# Combining 8 and 16 ohm speakers - Possible?



## Johnny Canuck (Mar 15, 2008)

Hey folks, I'm looking for a little guidance re: speakers, impedances, matching and all of that funky stuff that I really don't understand as well as I should. Note: I've searched this site and not found the answer to my particular question, so here goes ...

I have a couple of 2x12 cabs and different speakers of 8 or 16 ohm impedance. I completely understand the basics re: a pair of 16 ohms wired for a total 8 ohm load or a pair of 8 ohms for a 4 ohm load. However, I'd like to try out the various combinations of speakers to find different tones as well as which combinations of mismatched speakers work best for me. 

So here's the question: If I paired a 16 ohm Weber Blue Dog and an 8 ohm Weber California, or a 16 ohm Eminence Wizard and an 8 ohm Eminence Governor in a cab, would there be any major problems in running what I'm guessing would be a 12 ohm load? I'm looking to experiment with mismatched speakers and don't want to have to spend the $$ to buy a pack of 16 ohm speakers just to find out which combinations might work well ... so I'm looking for a way to use what I have to give me an idea of what works best with the two 16 ohm speakers I have. Once I found what I liked I'd then purchase the correct 16 ohm speaker to match and create a proper 8 ohm load.

Has anyone tried this? Any helpful hints out there? Note: Amps used to power the cabs would be tube. 

Thanks very much.

Marti K.

PS. While I'm at it has anyone tried a Weber Blue Dog/Eminence Wizard combo for Brit tones? That's an obvious option as well since I have a 16 ohm version of each. 

PPS. Here is a list of the speakers I have at hand to play with - perhaps some of you have already tried combining some of the following (all 12").

Weber:
California Ceramic 8 ohm
Thames Ceramic 8 ohm
Blue Dog Ceramic 16 ohm (100 watter)

Eminence:
Wizard 16 ohm
Governor 8 ohm
Tonker 8 ohm
Swamp Thang 8 ohm
Red White and Blues 8 ohm

Hellatone:
Hellatone 60 - 8 ohm
Hellatone 30 - 16 ohm
Hellatone 60L - 16 ohm

Reverend:
All Tone (50 watt) 8 ohm

Jensen:
C12K (100 watt) 8 ohm


----------



## greco (Jul 15, 2007)

I get 5.3 ohms for 8 ohms & 16 ohms in parrallel

There was a thread about this not long ago.

Cheers

Dave


----------



## Crowquill (Jul 4, 2008)

I depends on the amp. Come amps can handle mismatches just fine (ie mesa) and some can't. 

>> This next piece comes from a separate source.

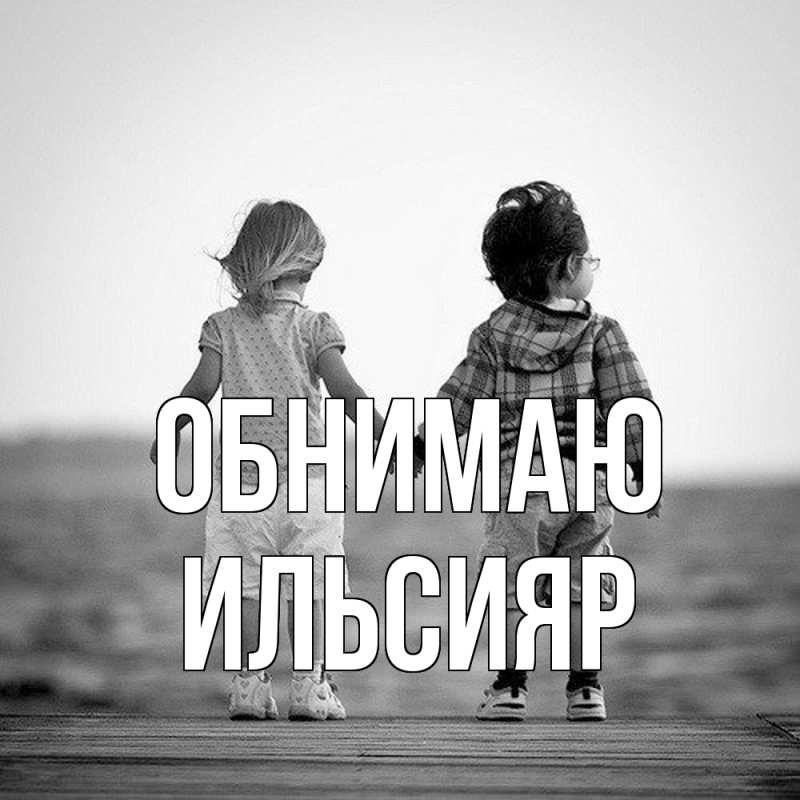 Картинка Обнимаю, Ильсияр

An 8ohm speaker and a 16ohm speaker would not give you a 12ohm load. If they're wired in series, it would be 24ohms (8+16) or, if they're wired in parallel, it would be 5.33ohms ( 1/(1/8 + 1/16) ). 5.3333ohms isn't too far from 4 ohms, so if you wire them in parallel and connect it to the 4ohms speaker jack on the amp, you _should_ be fine with _most_ amps. I would still only do it for a short time while you decide what combinations you like, then buy the proper ones


----------



## Johnny Canuck (Mar 15, 2008)

Thanks guys, that's really hlpful.

Dave, you wouldn't happen to recall the title of the thread would you? I tried searching on speaker impedance but couldn't find anythng on this specific topic. 

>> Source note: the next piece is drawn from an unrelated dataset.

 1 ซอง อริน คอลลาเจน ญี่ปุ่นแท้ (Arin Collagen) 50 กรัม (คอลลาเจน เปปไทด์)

Crowquill, with respect to the amp I'd be using a Traynor YBA1 and/or a Weber Marshall kit amp. The Traynor doesn''t offer switchable impedance, just main and extension speaker outputs. The Weber/Marshall does and can easily be switched to take a 4 ohm load. However, I thought that the general rule of thumb when using amp transformer taps is to ensure that the speaker load is never HIGHER than the transformer tap. So if I wired them in parallel and got a 5.333 ohm load should I not run off the 8 ohm tap and not the 4 ohm? Or do I have it backwards? 

I just want to be sure about the right way to do this before I damage an amp or speaker. Thanks.

Marti K


----------



## greco (Jul 15, 2007)

This is the thread I was referring to:

http://www.guitarscanada.com/Board/showthread.php?t=16510&highlight=matching

Cheers

Dave


----------



## Johnny Canuck (Mar 15, 2008)

Thanks Dave!


----------



## Crowquill (Jul 4, 2008)

Johnny Canuck said:


> Thanks guys, that's really hlpful.
> 
> Dave, you wouldn't happen to recall the title of the thread would you? I tried searching on speaker impedance but couldn't find anythng on this specific topic.
> 
> ...


I've seen this turn into a *very * heated debate on several occasions, with people aguing both sides untill red in the face. Mesa says right in their manuals that a higher load is fine but a lower load is not BUT they're referring to Mesa amps so this logic may not be accurate for other amps with types of different output transformers...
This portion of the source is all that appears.